== DATA

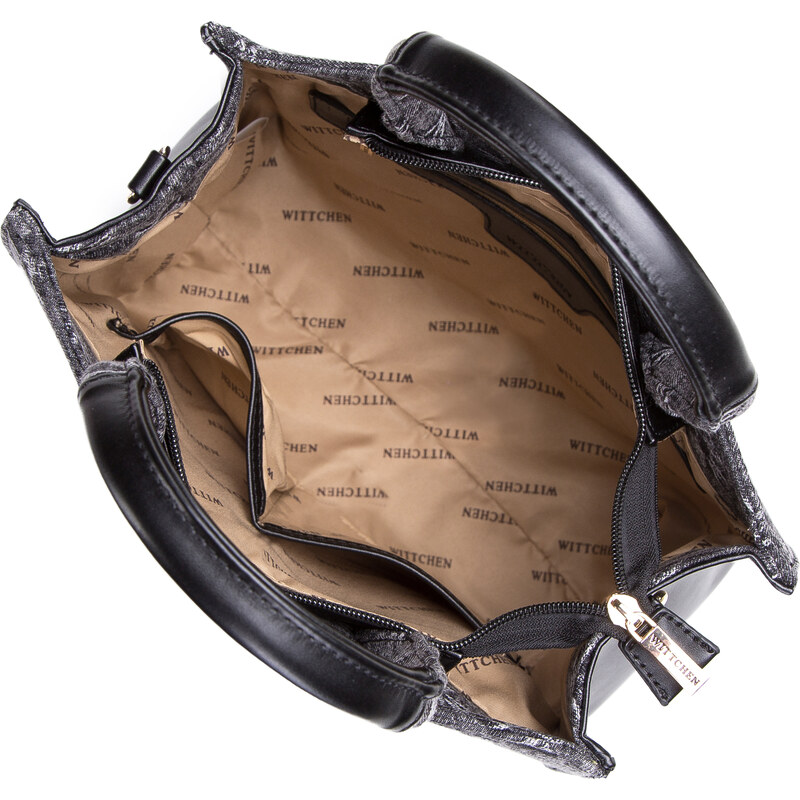 Dámská kabelka s monogramem Wittchen, šedá, bavlna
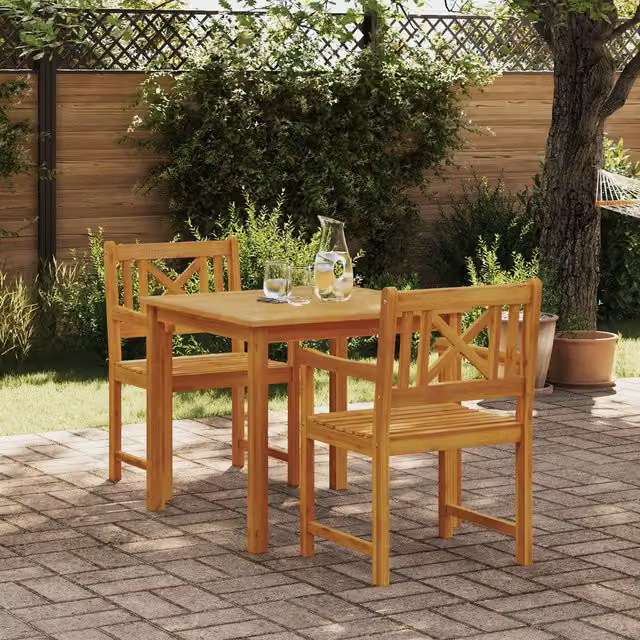 Berkfield Home 3 Piece Garden Dining Set in Brown Solid Acacia Wood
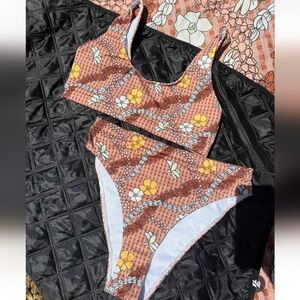 Floral Bikini Set in Brown and Yellow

====

Could you please return each line of the material exactly, dropping the pictures?

- [SOLUTION TO THIS PROBLEM]
 Dámská kabelka s monogramem Wittchen, šedá, bavlna
 Berkfield Home 3 Piece Garden Dining Set in Brown Solid Acacia Wood
 Floral Bikini Set in Brown and Yellow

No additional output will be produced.